Aquello es el sol que brilla, de
hermoso fuego, allá en la lejanía, y muy pronto estaremos allí tras haber cruzado
el abismo. Ahora todo será diferente, todo será mejor, pero nunca olvidaremos
que un día habitamos un lugar sobre el que reinaba un sol negro, y que todavía
sigue latiendo y siempre lo hará. Lo vemos al cerrar los ojos, lo vemos al
final de cada camino, pero ahora existen frenos y bifurcaciones, y tan solo es
cuestión de esquivarlo cuando nos lancé su lazo, sabiendo que si volvemos a
sumergirnos jamás emergeremos. Pero no lo haremos; hay mundo más allá de la
tierra, y existen cosas maravillosas como la dilatación del tiempo y la
eternidad de los instantes, únicos y brillantes. Existen los cronómetros de las
personas, existe la futilidad de los actos y la trascendencia de las acciones y
los pensamientos; la mutación de las ideas y el contagio de emociones.
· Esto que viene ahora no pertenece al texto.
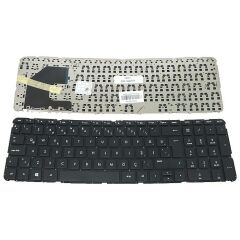Hp 15-b170sb 15-b174eg 15-b186eg Ultrabook Notebook Klavyesi TR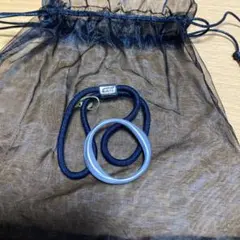 コレットマルーフ　新品未使用　シルバー　ポニーのサムネイル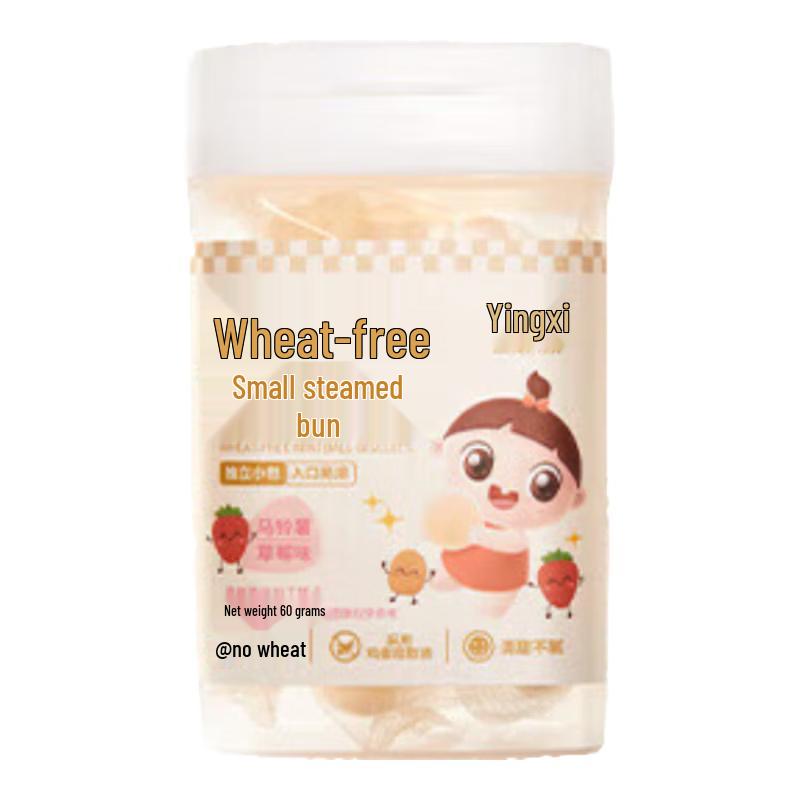Yingxiang Sensitive Baby & Toddler Snacks 60g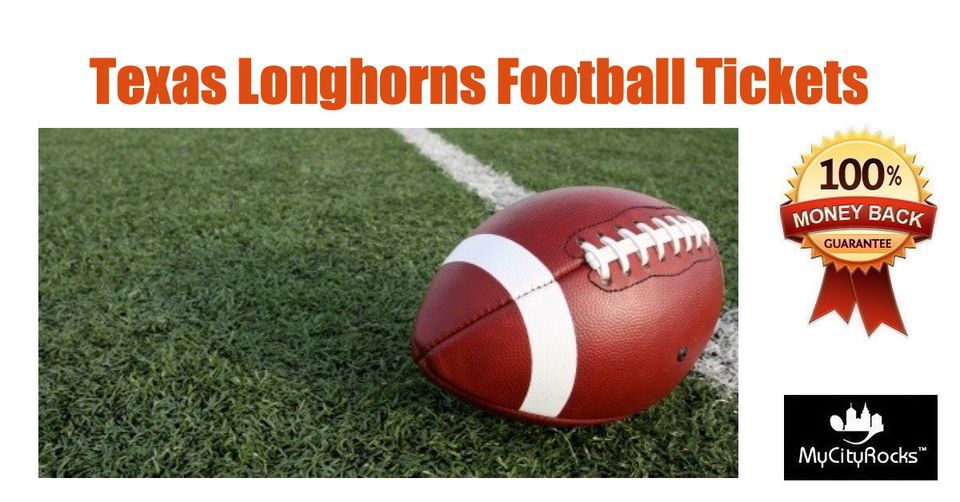Texas Longhorns vs Oklahoma Sooners Football Tickets Dallas TX Cotton Bowl Stadium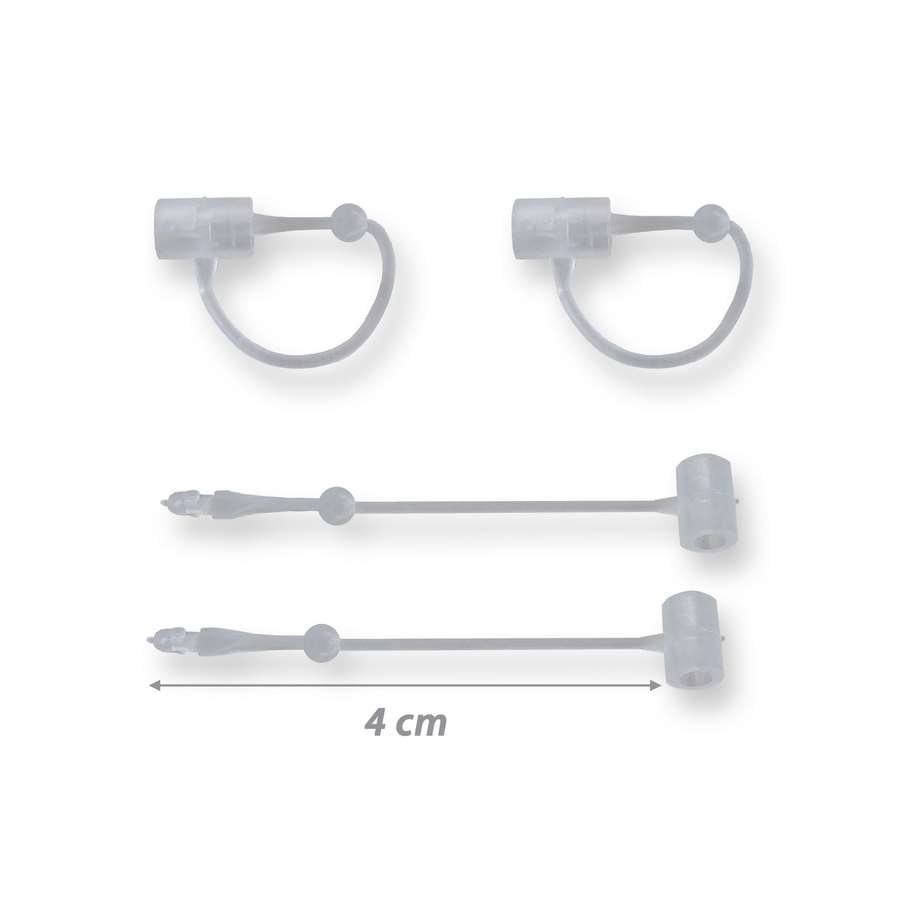 Pino Trava Multiuso-40 mm Pacote com 1.000 Unidades .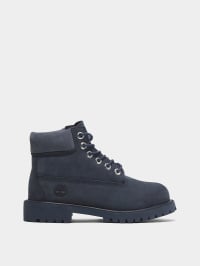 Темно-синій - Черевики Timberland Premium 6-Inch Lace-Up Waterproof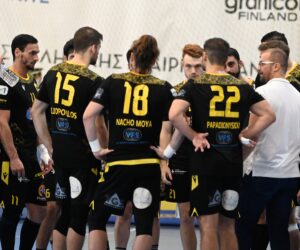 Έτοιμη για το ντέρμπι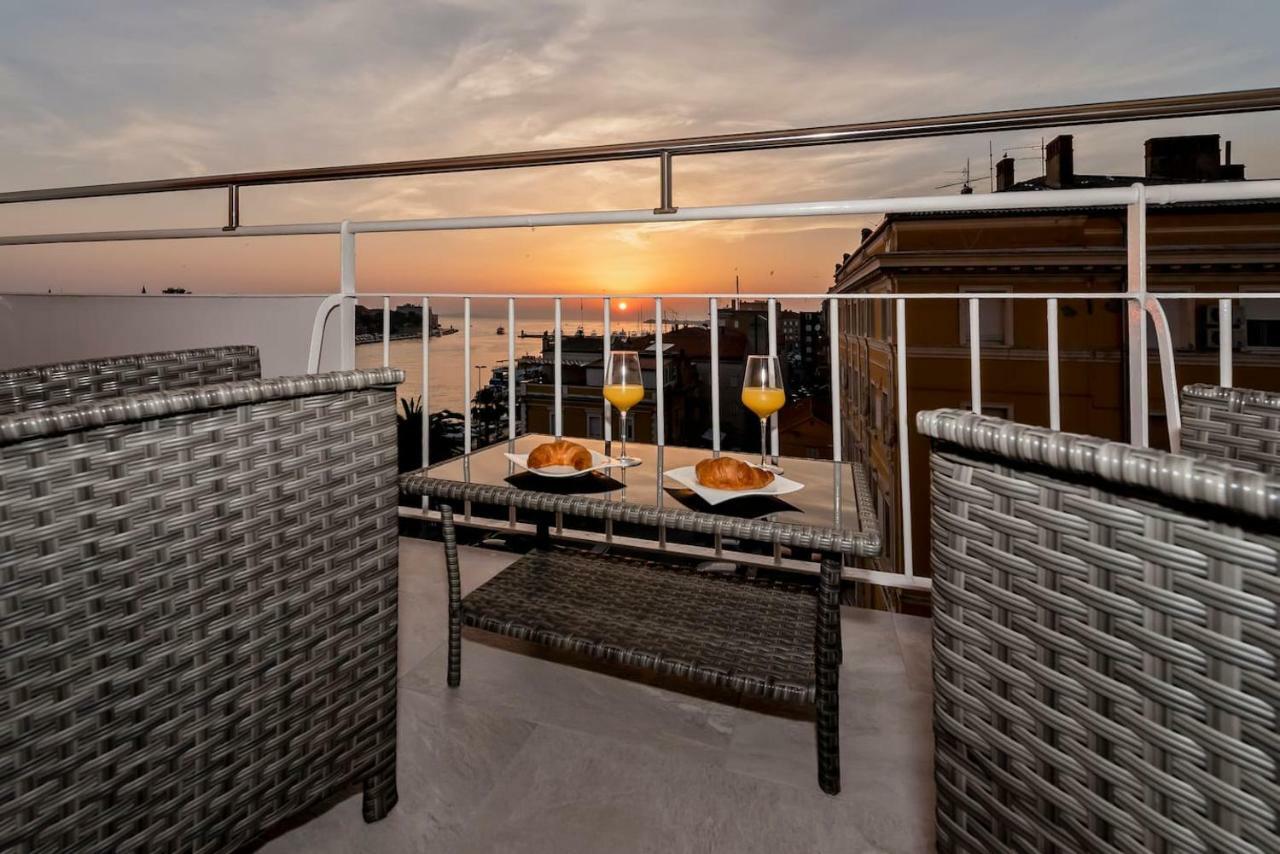 L'Aurora Luxury Apartment Задар Экстерьер фото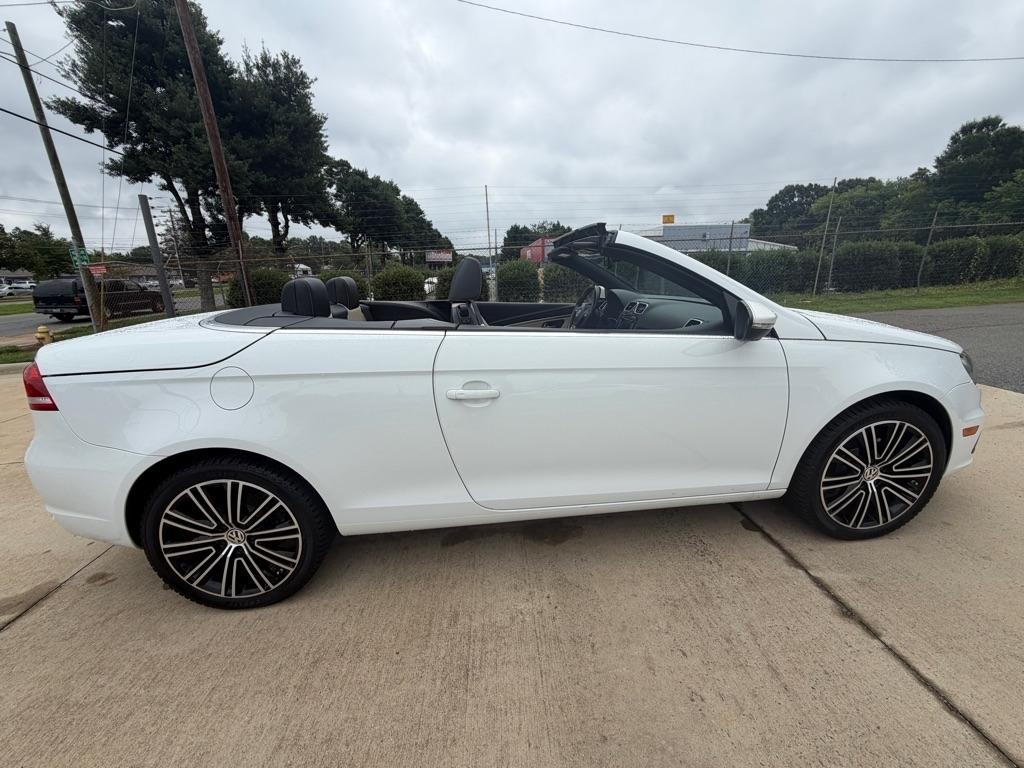 Volkswagen Eos Executive 2015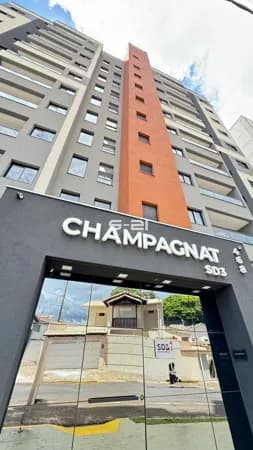 Apartamento Cobertura, Jardim Consolação - Franca/SP
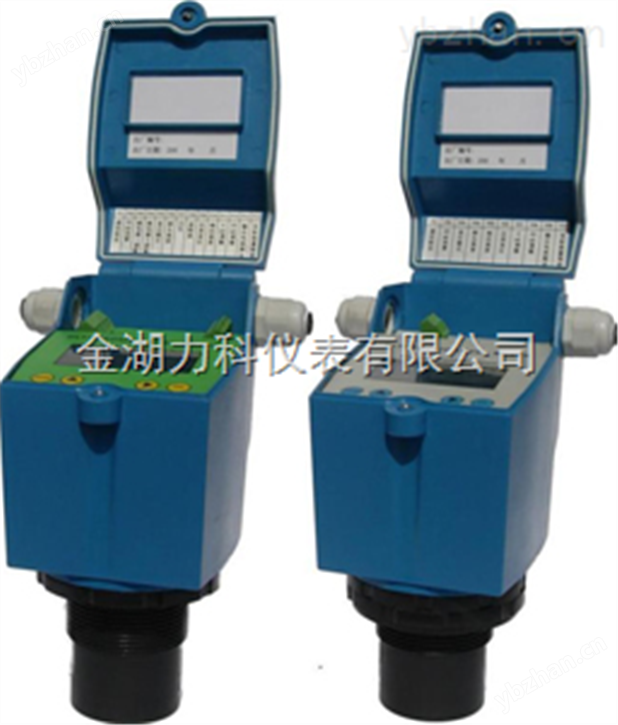 法兰式超声波液位计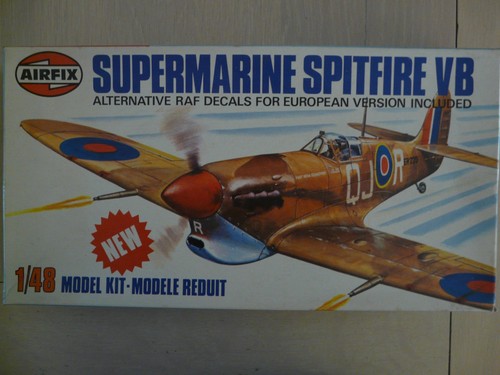 Maquette avion airfix ref - avion,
Existen
los enormes misterios de las personas, los entresijos de sus mentes, la bravura
de sus corazones, de esas gentes que somos nosotros. Y solo queda seguir
explorando, porque arrebatando solo un grano de arena a lo desconocido,
asimilándolo y comprendiéndolo, todo, absolutamente todo, habrá merecido la
pena. Hubo un día que nos perdimos, pero por suerte, hallamos el camino de
vuelta.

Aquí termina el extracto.